Quanto si è scritto sui luoghi manzoniani – i luoghi che spesso sono la materia prima dei racconti, dove lo scrittore si cela lasciando intendere senza precisare – per pudore e segretezza, per non svelare la tana, il mistero del nascondimento.Un racconto, forse, non è mai ciò che mostra in superficie. Dietro, occulto, c’è il corpo caldo dei rapporti profondi (con la madre, il padre, i servi amorosi, le balie, i contadini collaboratori – e penso alla njania governante di Pushkin che gli ha dato la lingua popolare, alla governante dei fratelli Grimm che ha dato loro le fiabe, alla governante di Pitré). 

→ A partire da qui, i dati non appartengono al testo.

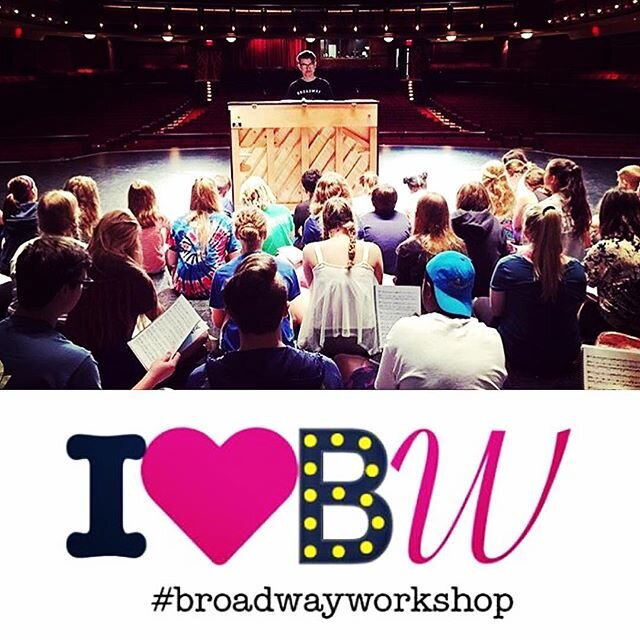 I❤️BW I love teaching for @broadwayworkshop Marc Tumminelli and his team are the real deal! The best of the best! #broadwayworkshop #iheartBW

Nei rapporti profondi, carnei, c’è il tessuto profondo e misterioso della lingua, che è sempre il corpo vivo trasmesso da voce a voce.

 

Ecco che, camminando un giorno sui monti in cerca della forma del teatro mi si svela improvvisamente la prima forma del romanzo quando Manzoni lo affronta – che è la forma (la prima forma) della sua vita – e lui è una giovane donna che fugge innamorata, angosciata, impaurita.

 

Questo testo è estratto da Giuliano Scabia, Una signora impressionante, ed. Casagrande, in libreria in questi giorni.